She learned to weave when she was seven years old. She is now 26, and regularly spends up to ten hours a day sitting by her loom.

 

“I’m tired of weaving,” she says, without looking up from her work. “Before my marriage I wove, after my marriage I wove — now I want to go outside and get a proper job.”

 

But Marzia’s chances of finding work are slim. She is just one of Afghanistan’s estimated two million war widows, and, as such is subject to rumours and gossip.

 

She says: “People think that when a woman is widowed she becomes morally loose and is out of control. They think we are like a pot with no lid; uncovered and ready to do anything. But they are wrong — we are just women, and we have hopes and dreams.”

 

Marzia’s husband was also an illiterate carpet weaver. But once he had a family to support he joined the Afghan army.
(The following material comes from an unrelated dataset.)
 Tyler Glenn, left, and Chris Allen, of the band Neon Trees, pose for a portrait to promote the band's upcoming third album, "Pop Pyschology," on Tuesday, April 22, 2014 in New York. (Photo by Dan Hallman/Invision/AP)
He was killed when his vehicle hit a mine in 2010, leaving Marzia to support their two young children.

 

Her experience of widowhood is typical. Without a husband, widows in Afghanistan’s conservative society are left almost powerless. They lose not only status but also freedom. Many are uneducated and young and don’t have the support systems to help them move forward with their lives. When Afghan soldiers are killed, their wives often struggle to find food and raise their children — the UN estimates that 85 percent of women in Afghanistan are illiterate. In the US or the UK women are supported by welfare systems, other family members, even society. They also retain their freedom — the most important thing.

 

Tajbibe lives in Kabul. Her husband was a translator for the American army and was shot on his way to work in Logar province seven years ago. She only found out what had happened when his mutilated body was brought to her front door.

 

“It had started to snow, and I heard a car arriving,” she says. “My children called out, ‘It’s our daddy.’ I went outside and saw his body surrounded by soldiers. He had been shot in the heart, and his uniform was full of holes, like a sieve.”

 

She says she doesn’t know how to access what government support is available to military widows.

 

“When he died I lost his ID and all his papers,” she says, “I don’t know how to claim a pension for widows and orphans. If someone has a man they could make a claim, but without a man, how could I do it?

 

“I used to be the wife of a big man, but now I suffer — I look like a beggar.”

 

We were incredibly fortunate to gain access to these women who have become ghosts in their own society. Indeed this is the first time they have shared their stories. One of the most touching things I experienced during the making of this documentary was when another widow I spoke to, Mehrjan, said that no one had ever asked her before how she feels and how she is. Their treatment and the reactions of those around them is heart breaking; one of the women told us “they think that widows are like a pot without a lid,” it tells so much about being a widow in just one sentence.

 

Growing up in Afghanistan, I was very aware of the conflict’s impact and now, as a BBC journalist, I wanted to explain and share much these women widowed by war have suffered.

 

The experiences of Afghan widows may on the surface seem a world apart from those experienced by U.S or British women who lost husbands in the same war. But they are united by something than transcends borders and culture; as a universal sense of loss. As Marzia says, they have all lost the men that they loved.

 

“The foreign troops all have families — and yet they have sacrificed themselves for Afghanistan’s security,” she says, “Their families are also grieving.”

 

Marzia is finding a way to make sense of her husband’s sacrifice and the war he fought in.

 

“He served this country from the bottom of his heart,” she says, “He sacrificed himself for the security of his people. And his place will be in paradise.”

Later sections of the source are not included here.